Mary

My friend, Mary, died last week.  I met her in 1968, and we never lost touch. One of the privileges of keeping friends close over a period of years is that you get to see   the arc of their life:  what they were like when you knew them first; how they dealt with the joys, the slings and the arrows, and finally, how they faced death.

When I met Mary, she was 27 and I was 25.  Ted and I were living in an old farm in Blucher: raising chickens, growing vegetables, brewing bad beer, discovering the not inconsiderable pleasures of an outhouse.  Mary and Marshall had their beautiful home on University Avenue. Even then, it was filled with beautiful pieces that Mary made by hand.  Mary and Marshall gave elegant dinner parties and had New Yorker cartoons in their downstairs bathroom.  They were the most sophisticated couple we’d ever known.  They even had a child—a nice one.  Marshall and Mary were, in every way, grown-ups.

The Gillilands and the Bowens began a series of collaborative lunches with another couple and an occasional guest chef.  By this time, the candied violet excesses of the early 70’s had come to dominate cuisine.  We were the Gourmet Generation. We began to compete with one another—our dishes grew more elaborate. We outdid one another in our search for rare ingredients, rich and complex sauces and brilliant presentations that never quite looked the way the illustrations in Gourmet promised and made us cranky when we finally sat down to eat.   Mary watched all this with her bemused Mary look. Then she volunteered to bring the centerpiece for our next gourmet lunch.  The centerpiece Mary brought was a clown’s head that she’d made out of a cabbage, a carrot and some other humble vegetables.  We got the point.  We scaled back on the Julia Child and started having fun again. 

Mary was always fun—even when life was not going well for her.  Once she was in the midst of the kind of personal crisis that comes to us all. To help her over the bad patch, Sean made Mary breakfast in bed; his beverage of choice was blueberry Kool-Aid.  When it comes to beverages, blueberry Kool-Aid is pretty tough to beat, but when Mary came to my house, I did my best.  I poured our bottle of Beau Sejour sherry into our snazzy German decanter and got out our finest wine glasses.  Mary’s and my conversation that afternoon was very serious, and we were both very emotional.  When she stopped talking and stared fixedly into her glass of sherry, I thought perhaps she’d had an epiphany. 

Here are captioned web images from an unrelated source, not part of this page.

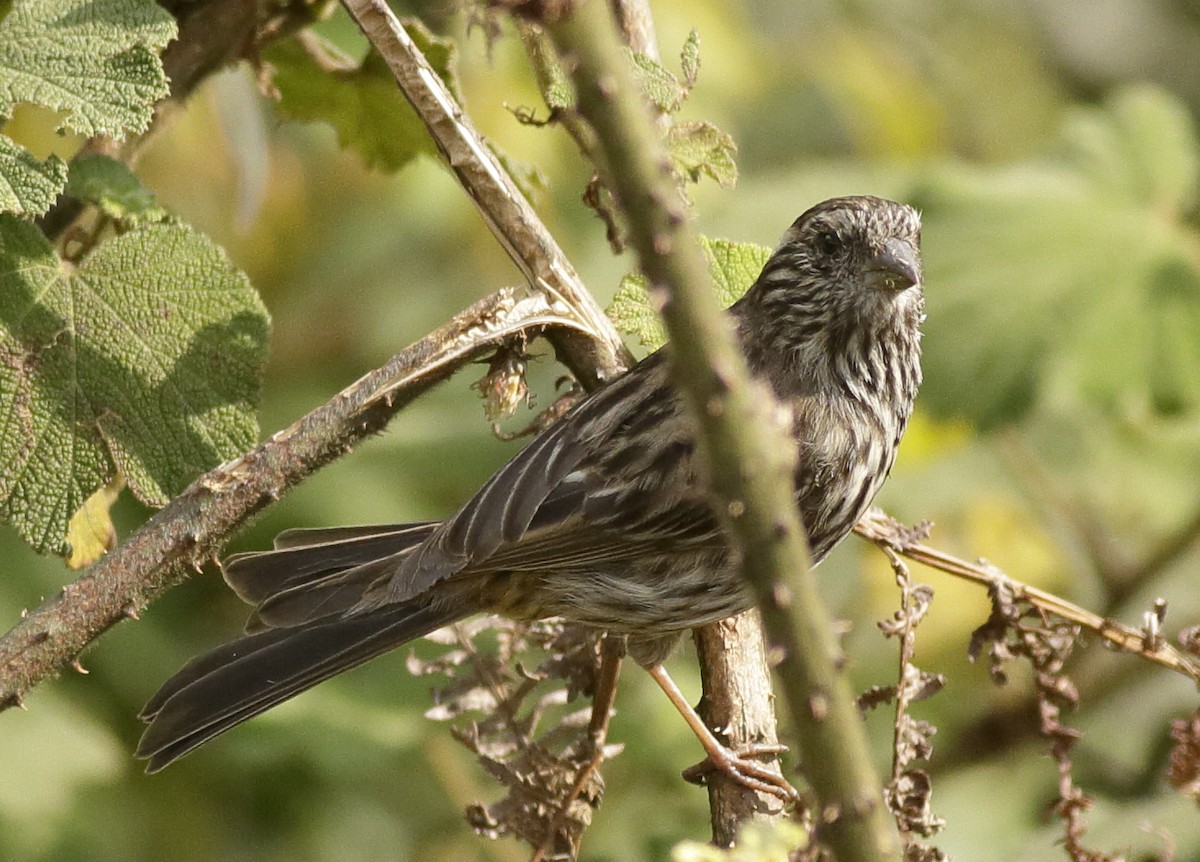 Chinese White-browed Rosefinch - ML65040961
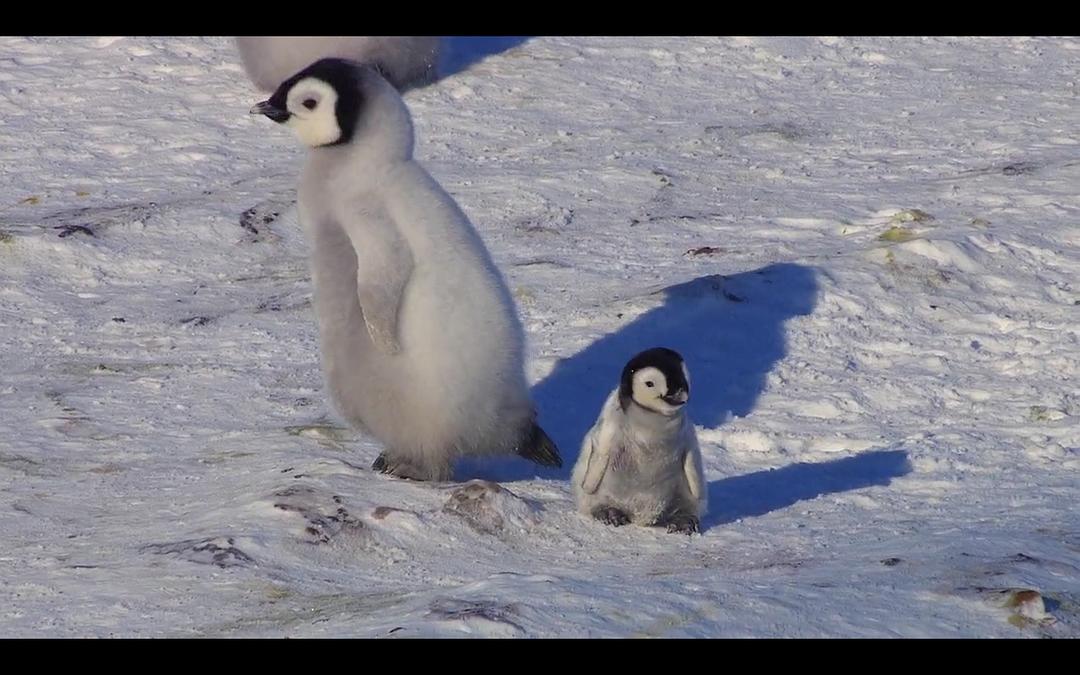帝企鹅宝宝的生命轮回之旅 Snow Chick – A Penguin's Tale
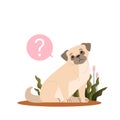 Cute dog with question mark. Pug with confusion emotion.
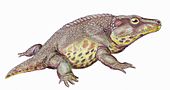 Life restoration of the Permian amphibian Cacops Cacops1DB.jpg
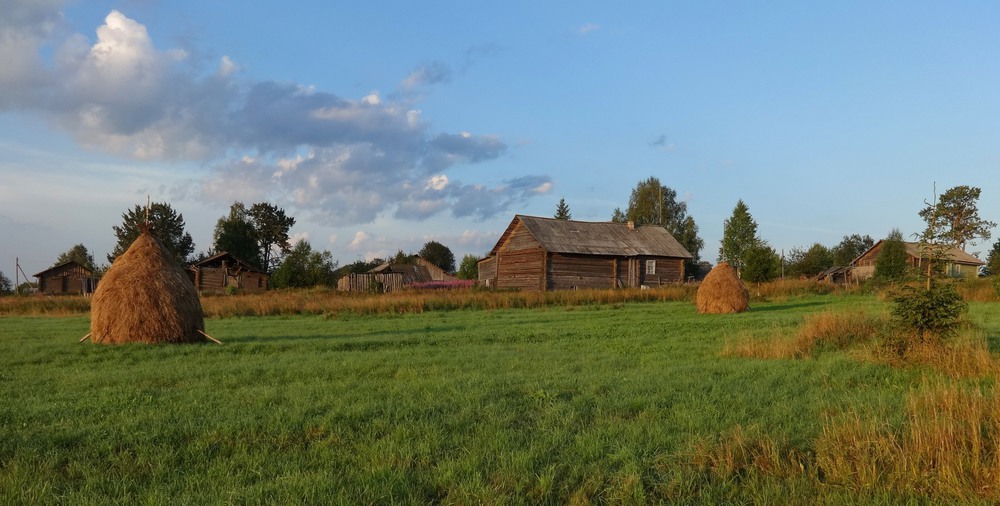 Панорама сел. Деревня 1990 сенокос. Русская деревня сенокос. Панорама деревни. Панорама деревни летом.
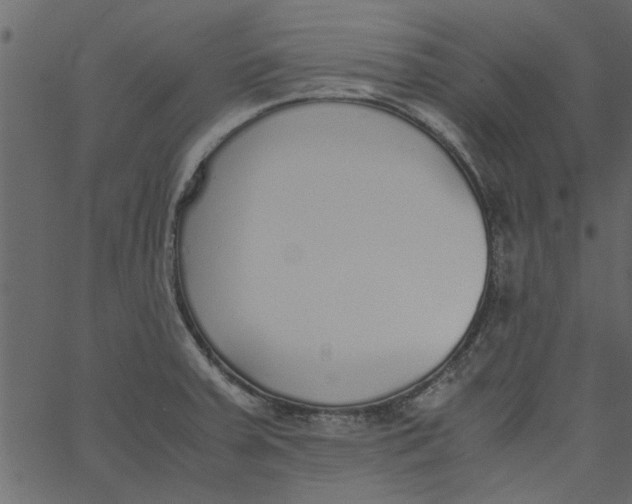 X0000062671379200601111233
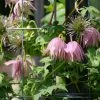 Sparky® Pink Clematis -Garden Plant Store Sparky Pink Clematis Upside Down Blooms On The Trellis 10346.1611892051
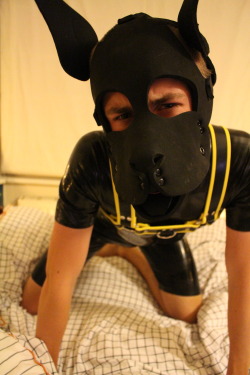 tofskipup: *confused puppy* Tofski xx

In a way, I guess she had. What Mary discovered in her glass that grey afternoon was a toenail – and not a new one. It was the kind of toenail that might have been aging in a bottle of Beau Sejour for a very long time.  Mary fished it out and held it up.  “There’s a toenail in my sherry,” she said, then she grinned. “Things have to get better after this.”  And amazingly, they did.

Like everyone who knew her, I have thousands of memories of Mary, but there was a phrase she used that I believe captures her.  Once at one of our long-ago lunches, Mary’s eyes had been larger than appetite. I offered to take her plate, but she stopped me.  “In my family we had an expression, Mary said. “‘Thee took it.  Thee eat it.’”

Many things ended up on Mary’s plate that she didn’t choose.  She and I had both had breast cancer. No one chooses that, but Mary handled her diagnosis and the endless complications she faced after the initial diagnosis with intelligence and unwavering courage, grace and humour.  The last years of Mary’s life were filled with difficulties that most of us would have found insurmountable.  Mary didn’t.  The emails she sent about Marshall’s last illness were characteristically Mary. She never took refuge in euphemism when truth was called for; she never wallowed in self-pity when she could enquire about our lives.  Mary loved life and she lived it well.

In Mary’s obituary Sean and Bernie alluded to that perfect piece of material Mary was always seeking to complete her quilts—the piece that would bring all the disparate colours and shapes into something that would unify them and make each piece more beautiful and more connected than it was alone.  At the risk of sounding hopelessly cheesy, I think Mary had that perfect piece in her back pocket all along.  It was her.